Medo da atenção pública
Jelinek foi comunicada sobre o prêmio por telefone em seu apartamento em Viena. "Quando você escuta o sotaque sueco, você tem que acreditar", brincou Jelinek, que nem constava entre os favoritos. Ela disse estar muito surpresa e honrada com a premiação, mas que não poderá comparecer pessoalmente à premiação, em 10 de dezembro – aniversário de morte de seu fundador Alfred Nobel, na capital sueca. "Não estou fisicamente doente, mas não tenho condições psicológicas de me expor", disse.

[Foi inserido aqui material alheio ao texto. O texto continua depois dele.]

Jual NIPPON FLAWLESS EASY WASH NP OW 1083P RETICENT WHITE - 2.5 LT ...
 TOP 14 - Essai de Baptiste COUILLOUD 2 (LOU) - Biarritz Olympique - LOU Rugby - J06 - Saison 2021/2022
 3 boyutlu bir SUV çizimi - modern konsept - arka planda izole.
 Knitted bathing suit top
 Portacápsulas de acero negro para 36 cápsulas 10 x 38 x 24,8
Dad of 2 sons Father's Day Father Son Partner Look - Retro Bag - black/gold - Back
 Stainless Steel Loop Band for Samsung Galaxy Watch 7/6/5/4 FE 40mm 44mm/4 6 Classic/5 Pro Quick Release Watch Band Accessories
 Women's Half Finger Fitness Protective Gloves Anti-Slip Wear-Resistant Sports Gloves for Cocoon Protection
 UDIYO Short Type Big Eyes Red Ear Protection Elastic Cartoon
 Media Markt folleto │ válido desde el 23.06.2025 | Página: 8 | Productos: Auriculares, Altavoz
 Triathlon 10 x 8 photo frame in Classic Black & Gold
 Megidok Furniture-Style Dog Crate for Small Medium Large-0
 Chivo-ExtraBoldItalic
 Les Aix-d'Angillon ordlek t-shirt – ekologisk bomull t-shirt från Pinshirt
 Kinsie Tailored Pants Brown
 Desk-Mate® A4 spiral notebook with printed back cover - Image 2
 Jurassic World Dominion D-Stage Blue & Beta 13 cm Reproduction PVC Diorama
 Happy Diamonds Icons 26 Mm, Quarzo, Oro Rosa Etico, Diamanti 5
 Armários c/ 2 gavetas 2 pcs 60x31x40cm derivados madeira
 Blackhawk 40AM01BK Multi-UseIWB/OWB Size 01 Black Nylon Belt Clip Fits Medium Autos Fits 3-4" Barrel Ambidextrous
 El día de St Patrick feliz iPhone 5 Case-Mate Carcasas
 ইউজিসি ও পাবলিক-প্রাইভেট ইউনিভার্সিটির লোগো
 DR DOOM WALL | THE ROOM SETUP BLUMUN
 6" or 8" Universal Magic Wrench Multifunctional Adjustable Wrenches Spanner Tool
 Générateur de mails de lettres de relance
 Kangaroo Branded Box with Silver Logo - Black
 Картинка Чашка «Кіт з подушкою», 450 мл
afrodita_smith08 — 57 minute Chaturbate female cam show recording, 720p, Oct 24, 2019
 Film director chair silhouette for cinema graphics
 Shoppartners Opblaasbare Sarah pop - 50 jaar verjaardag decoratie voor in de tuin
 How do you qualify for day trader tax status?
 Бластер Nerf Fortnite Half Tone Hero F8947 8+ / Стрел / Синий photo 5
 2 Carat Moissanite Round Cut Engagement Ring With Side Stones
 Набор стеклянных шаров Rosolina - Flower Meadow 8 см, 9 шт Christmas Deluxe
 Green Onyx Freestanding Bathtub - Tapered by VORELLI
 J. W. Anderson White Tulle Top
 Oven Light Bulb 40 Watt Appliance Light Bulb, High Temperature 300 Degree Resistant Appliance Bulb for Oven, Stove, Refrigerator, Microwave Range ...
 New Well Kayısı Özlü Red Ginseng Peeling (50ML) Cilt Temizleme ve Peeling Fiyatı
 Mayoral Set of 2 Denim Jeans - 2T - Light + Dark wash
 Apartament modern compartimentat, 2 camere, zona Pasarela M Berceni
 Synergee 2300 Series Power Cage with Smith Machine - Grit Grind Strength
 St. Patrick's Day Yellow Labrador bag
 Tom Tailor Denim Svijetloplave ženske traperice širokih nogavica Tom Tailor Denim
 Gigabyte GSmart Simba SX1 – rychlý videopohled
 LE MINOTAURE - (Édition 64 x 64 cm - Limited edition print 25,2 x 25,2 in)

Ela não se considera a pessoa certa para ser "arrastada ao centro da opinião pública. Aí eu me sinto ameaçada". Ela espera que possa "se retirar e aproveitar o dinheiro, pois com ele dá pra viver sem preocupações". Jelinek teme que o prêmio venha a se tornar uma "carga pessoal". "Claro que também estou contente, não há motivos para hipocrisia. Mas eu sinto mais desespero que alegria. Eu quero me afastar um pouco, os últimos prêmios eu também não recebi pessoalmente."
Ela também chamou atenção para o fato de que, "se uma mulher recebe um prêmio, ela o recebe como mulher e não pode comemorar de maneira irrestrita. Mas, se Peter Handke, que mereceria esse prêmio muito mais que eu, recebesse um prêmio, ele o receberia como Peter Handke".
Repercussão positiva na Alemanha
Peter Handke, ele próprio, não escondeu o entusiasmo pela premiação da colega. "Super! Incrível! Prodigioso!" Segundo ele, Jelinek é "uma escritora atual como quase ninguém mais. Ela vai ao centro da questão".
Na Alemanha, as reações também foram muito positivas. Para a ministra alemã da Cultura, Christina Weiss, que disse estar "entusiasmada com a decisão inesperada do comitê", os textos de Elfriede Jelinek são um verdadeiro "acontecimento lingüístico".
O editor Alexander Fest, da Rowohlt – que editou diversos textos de Jelinek na Alemanha e detém também os direitos sobre suas peças teatrais, demonstrou "grande alegria" pela autora, que se distingue pela sua "linguagem escandalosa" e seu "estilo completamente obstinado".
Para o editor do jornal Die Zeit, Michael Naumann, a escolha do júri foi tão surpresa quanto merecida e será como "um grande choque para os austríacos, que agora começarão a ler". O crítico literário alemão Marcel Reich-Ranicki também disse estar "extraordinariamente satisfeito" sobre a premiação de escritores "extremos e radicais".
Contra estruturas machistas de poder
Nascida em 1946, em Mürzzuschlag, Elfriede Jelinek estudou órgão e composição no Conservatório de Viena. Em 1964, começou o estudo da história da arte e das artes cênicas. Em seus textos, Jelinek trata da sexualidade feminina e de seu abuso. Seus romances, traduzidos para 18 línguas, chocam o leitor com cruas descrições de brutalidades e abusos de poder.
Entre seus títulos principais estão As amantes (1975) e Os filhos dos mortos (1995), além de A pianista (1983), adaptado ao cinema por Michael Haneke, com Isabelle Huppert no papel principal. Jelinek tematizou também o envolvimento austríaco com o regime nazista e chamou atenção da mídia ao proibir a execução de suas peças na Áustria devido à eleição do político populista de direita Jörg Haider.